Here are a few tips, in case you’re headed out this weekend:

ADJUST THE CAMERA WHITE BALANCE

Camera’s tend to misjudge the color temperature of snow shots and produce blue photos (see the blue snow in the top picture below).

To correct for this, set your camera’s color temperature, typically called the “white balance,” to a warmer – redder – color. You can also shoot early or late in the day when the light is reddish. The goal, typically, is to make objects that look white in real life also look white in your photos.

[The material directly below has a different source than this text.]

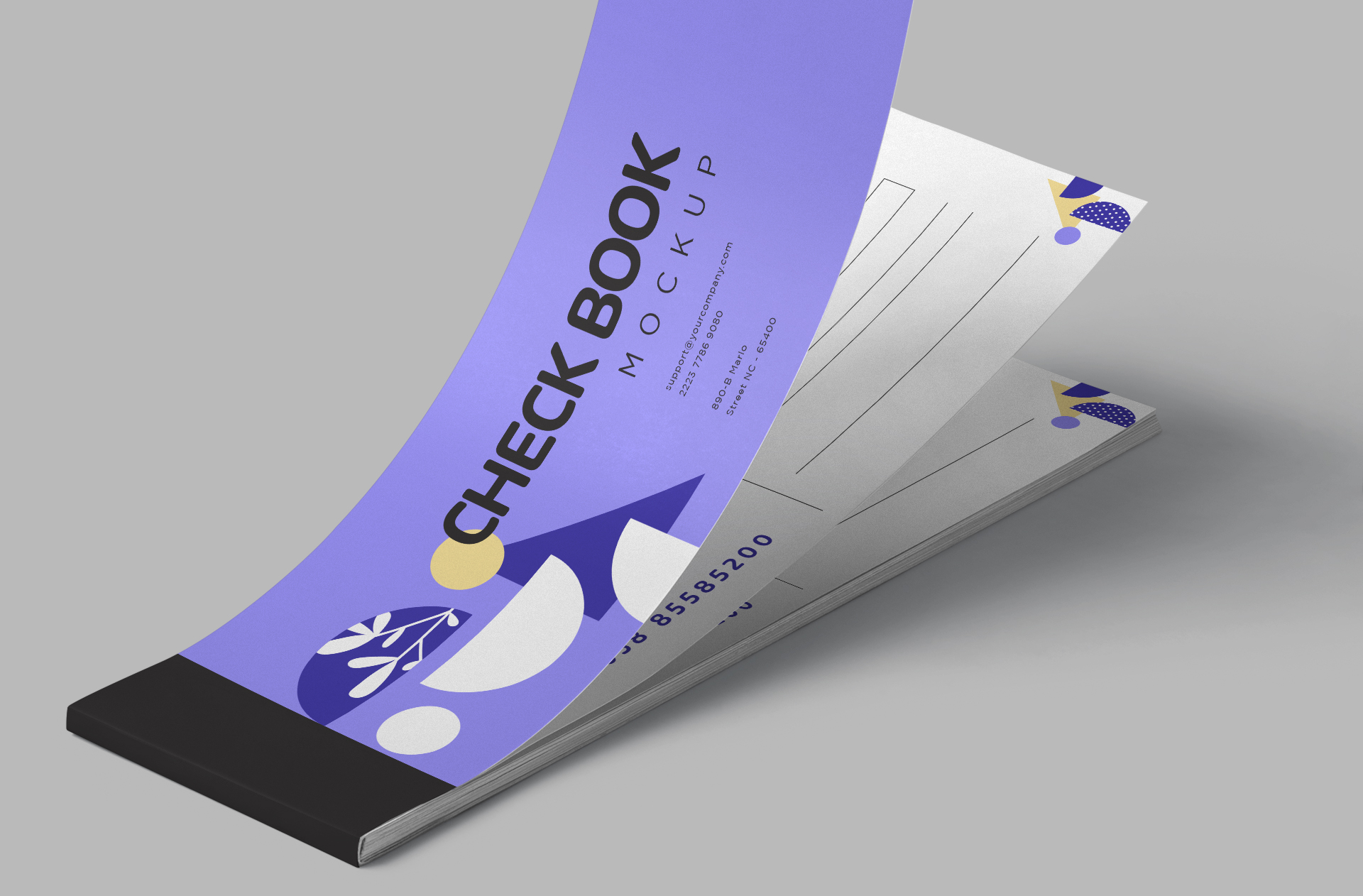 Realistic Check Book Mockup with Customizable Layout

In the bottom photo below, the color temperature setting is correct so the snow appears white.

LET THE SUN SHINE IN

Cameras tend to react to brilliant, snowy scenes by overly limiting how much light hits the image-capturing sensor. Dark photos result, in which whites appear as grays. Experiment with letting more light into the camera, either by overriding with “exposure compensation” setting (many point-and-shoots have this) or adjusting the aperture size or shutter speed (SLR cameras). Some cameras have a “snow scene” setting that may help.

LIGHT YOUR SUBJECT

Bright snow can cause people’s faces or other objects to appear dark in photos. Use a fill flash or have subjects face the sun at an angle to brighten their faces and highlight objects. If you feel like getting fancy, use an off-camera flash to light people from an angle, thus bringing out the contours of the face. For tutorials on basic off-camera flash techniques, visit the website Strobist.

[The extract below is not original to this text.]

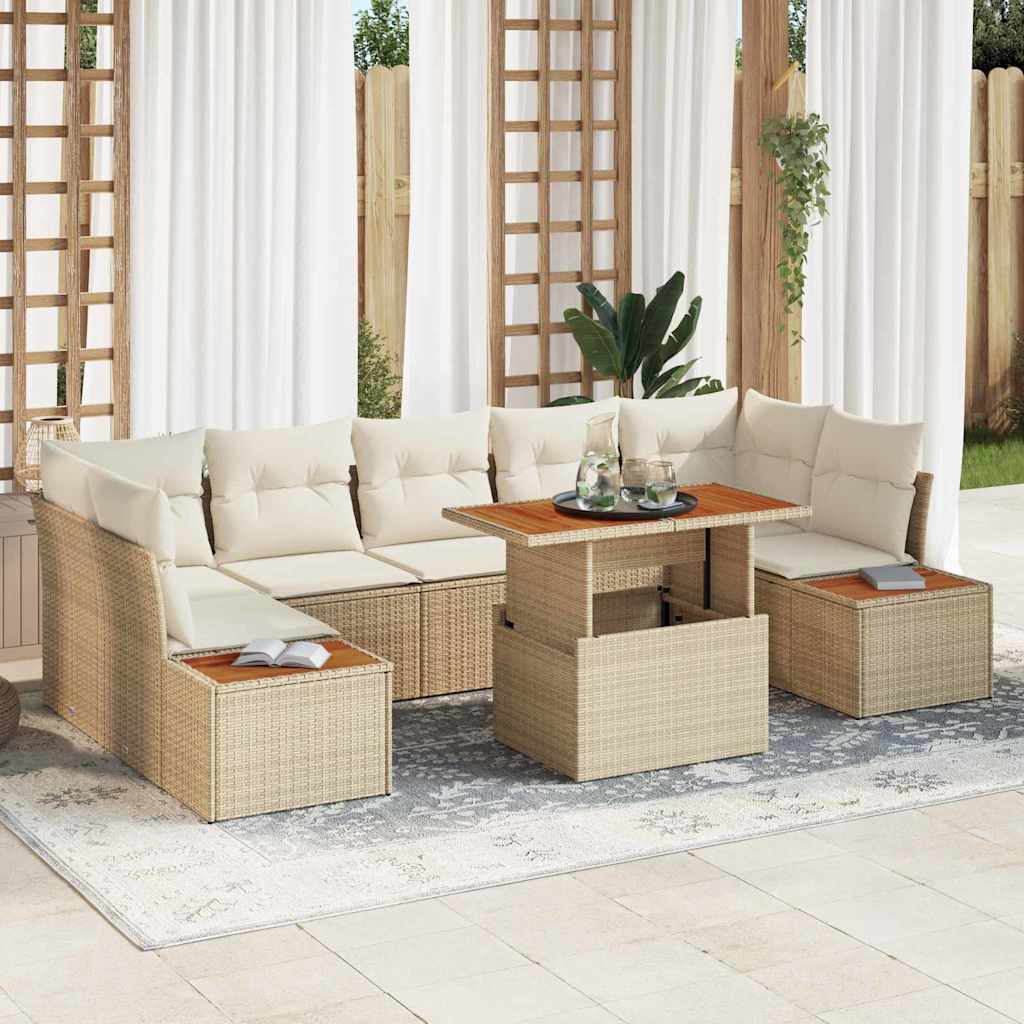 Kerti Kanapé Szett tárolóval 8 pcs Bézs Poli rattan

My wife Monica and I are facing away from the sun at Killington ski area in Vermont and the camera is struggling to cope with the bright background, resulting in shadows on our faces. A fill flash would have helped.

My wife Monica and I are facing away from the sun at Killington ski area in Vermont and the camera is struggling to cope with the bright background, resulting in shadows on our faces. A fill flash would have helped.

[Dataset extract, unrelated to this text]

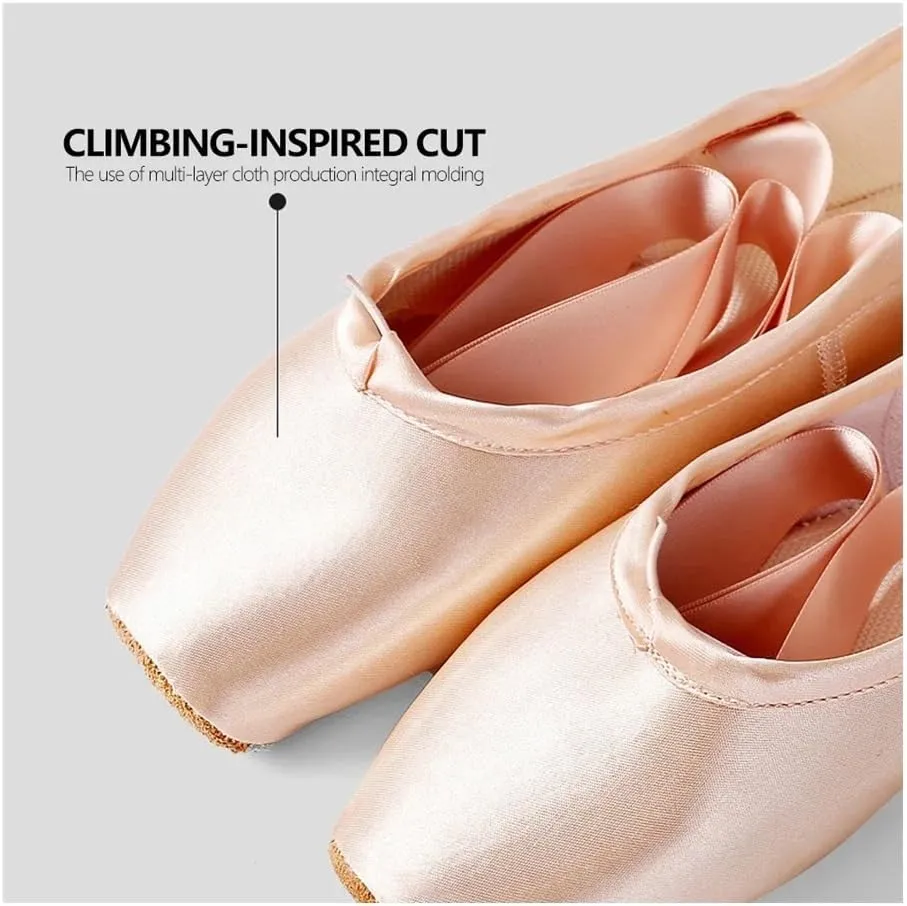 Professional Ballet Pointe Shoes with Genuine Leather Sole Women Satin Ballet Shoes with Ribbons for Professional Ballerina(36) Pink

PLAY WITH CONTRAST AND PATTERN

Snow opens up all kinds of possibilities for dark objects or brightly colored objects against white backdrops. Look for pleasingly stark patterns of dark against light and vice versa.

Notice the yin-and-yang of the darks and whites in this mountaineering photo.

BRING EXTRA BATTERIES

Yes, batteries get cold, too. When it’s cold out, they will drain faster and die on you just as your friend pulls the powder turn of a lifetime. “Did you get it?!”